The example dataset is available on GitHub. This example includes 8000 reference individuals with 2091 SNPs (Both vcf version donor.vcf.gz and phase version donor.phase.gz are available).

We want to paint all the individuals against all the individuals for clustering. PBWT paint is extremely fast at doing this. Please ensure you got PBWT installed, and then run with the below commands:

  • If your input file is in vcf or vcf.gz format:

./pbwt --readVcfGT donor.vcf.gz -paintSparse all_vs_all

  • If your input file is in phase of phase.gz format:

./pbwt --readPhase donor.phase.gz -paintSparse all_vs_all

The output file for this example includes all_vs_all.chunkcounts.s.out.gz, all_vs_all.chunklengths.s.out.gz,all_vs_all.regionchunkcounts.s.out.gz, all_vs_all.regionchunklengths.s.out.gz and all_vs_all.nregions.s.out.gz.

It is also possible to do All-vs-All painting with SparsePainter, which is slightly more accurate than SPBWTpaint, but is much slower. Note that the popfile allvsall_popnames assigns each individual a different population, which is the requirement for doing all-vs-all painting.

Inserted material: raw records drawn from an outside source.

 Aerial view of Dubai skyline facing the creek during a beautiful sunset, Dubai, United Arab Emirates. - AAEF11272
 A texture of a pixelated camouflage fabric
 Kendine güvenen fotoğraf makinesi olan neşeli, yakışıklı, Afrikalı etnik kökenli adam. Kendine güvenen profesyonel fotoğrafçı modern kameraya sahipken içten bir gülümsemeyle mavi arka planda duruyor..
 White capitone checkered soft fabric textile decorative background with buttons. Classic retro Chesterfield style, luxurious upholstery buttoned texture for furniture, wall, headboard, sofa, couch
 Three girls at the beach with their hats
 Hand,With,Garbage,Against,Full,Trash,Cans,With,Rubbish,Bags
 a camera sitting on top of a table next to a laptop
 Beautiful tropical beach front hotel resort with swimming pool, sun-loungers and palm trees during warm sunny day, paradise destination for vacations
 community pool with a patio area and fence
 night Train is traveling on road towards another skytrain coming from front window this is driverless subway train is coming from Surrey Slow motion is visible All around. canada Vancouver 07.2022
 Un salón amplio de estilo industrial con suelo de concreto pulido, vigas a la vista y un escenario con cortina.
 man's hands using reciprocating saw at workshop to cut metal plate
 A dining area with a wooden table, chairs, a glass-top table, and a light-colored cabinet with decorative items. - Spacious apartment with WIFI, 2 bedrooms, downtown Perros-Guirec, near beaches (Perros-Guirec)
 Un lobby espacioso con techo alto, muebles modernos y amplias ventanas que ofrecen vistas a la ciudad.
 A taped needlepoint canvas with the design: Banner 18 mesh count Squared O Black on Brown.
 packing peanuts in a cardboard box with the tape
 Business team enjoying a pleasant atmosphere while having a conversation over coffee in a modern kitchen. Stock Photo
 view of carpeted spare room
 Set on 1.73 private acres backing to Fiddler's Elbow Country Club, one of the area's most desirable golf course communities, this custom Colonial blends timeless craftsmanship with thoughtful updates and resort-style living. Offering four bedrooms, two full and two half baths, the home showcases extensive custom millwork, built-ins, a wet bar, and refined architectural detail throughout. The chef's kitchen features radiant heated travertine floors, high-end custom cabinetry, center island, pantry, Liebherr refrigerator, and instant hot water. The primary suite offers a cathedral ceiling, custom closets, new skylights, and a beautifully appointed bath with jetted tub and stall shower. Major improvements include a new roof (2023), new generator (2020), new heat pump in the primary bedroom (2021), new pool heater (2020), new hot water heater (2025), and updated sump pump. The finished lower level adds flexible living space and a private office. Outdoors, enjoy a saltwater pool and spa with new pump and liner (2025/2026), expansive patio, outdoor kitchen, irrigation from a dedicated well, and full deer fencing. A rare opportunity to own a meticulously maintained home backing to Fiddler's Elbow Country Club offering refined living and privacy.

  • If your input file is in vcf or vcf.gz format:

./SparsePainter -reffile donor.vcf.gz -targetfile donor.vcf.gz -popfile allvsall_popnames.txt -mapfile map.txt -namefile refname.txt -out all_vs_all -chunklength -chunkcount

  • If your input file is in phase of phase.gz format:

./SparsePainter -reffile donor.phase.gz -targetfile donor.phase.gz -popfile allvsall_popnames.txt -mapfile map.txt -namefile refname.txt -out all_vs_all -chunklength -chunkcount

The output file for this example includes all_vs_all.chunklength.txt.gz, all_vs_all.chunkcount.txt.gz, and all_vs_all.fixedlambda.txt.